Certaines familles, qui avaient déjà reconstruit leurs demeures après le tremblement de terre, ont vu, une fois encore, leurs biens détruits par la furie mortifère de bandes armées, aux ordres insensés de manitous de la violence et du crime organisé. Les mains velues du grand diable qui hante nos nuits voraces ont tout broyé.

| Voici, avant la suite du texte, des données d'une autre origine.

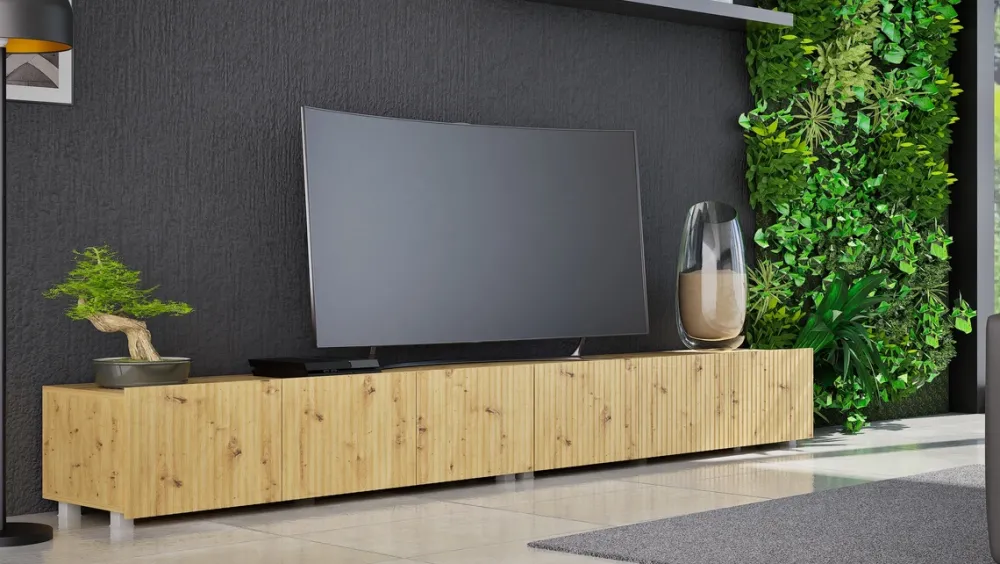 Szafki Rtv>GiB Meble Nowoczesna szafka RTV 150 cm z ryflowanymi frontami długa KORDIS dąb artisan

Il faudra que nos élites prennent toute la mesure de ce qui nous arrive, dû certes en partie à l’exclusion économique et sociale, mais aussi à la mondialisation de la criminalité. Il faut éviter toute forme de banalisation ou de réductionnisme d’un phénomène éminemment destructeur et nihiliste, qui, en réalité, n’est qu’une chimère révolutionnaire. Toute forme de discours racoleur ne peut que faire pousser une rose vénéneuse sur des semences de barbarie.
Comment faire « remonter les cendres » ? Comment redonner vie à ces quartiers ? La seule manière de rendre hommage à ces victimes est de mettre en place un grand programme de reconstruction, dans les règles de l’art urbain, pour que le prix payé par Nazon, Solino, Bel Air, Turgeau, Carrefour-Feuilles, Christ-Roi, Kenscoff ne soit pas vain.
Bâtir au lieu de brûler
Dans les flammes vengeresses de Solino ont disparu des entreprises, des temples, la résidence de la communauté du père William Smarth, heureusement immortalisé dans un film récent d'Arnold Antonin. Comme me le confiait avec amertume mon ami Delano Morel, cette question de patrimoine ne doit jamais être banalisée d’un simple trait de plume. Il a diablement raison.
Le nihilisme n’est pas une réponse. Dans un pays normal, on dirait que les coupables doivent être punis. Mais nous sommes en Haïti, et ici, les institutions chancellent, incapables d’offrir justice ou réparation. Alors il faut aller plus loin que des condamnations individuelles. Il nous faut un plan d’action concret, une organisation implacable, pour que plus jamais ce genre de drame ne détruise ce que nous avons de plus précieux.
Il est temps que nos élites cessent leurs querelles mesquines et comprennent qu’un pays ne se reconstruit pas avec des discours, mais avec des actes. Le temps des paroles est terminé : il faut des routes sûres, des services publics solides, une justice qui fonctionne, des citoyens qui refusent de se taire. Et ce combat n’appartient pas qu’aux dirigeants : il est celui de chaque Haïtienne, de chaque Haïtien, de chaque main qui choisit de bâtir au lieu de brûler.
Haïti ne se relèvera pas d’elle-même. Si nous voulons un avenir, il nous faudra le conquérir ensemble, avec courage, discipline et solidarité. Pas demain. Pas dans un futur hypothétique. Maintenant. Chaque instant d’attente nourrit cette spirale de destruction qui ronge le pays depuis trop longtemps. Et si nous persistons dans l’inaction, bientôt, il ne restera plus rien à sauver.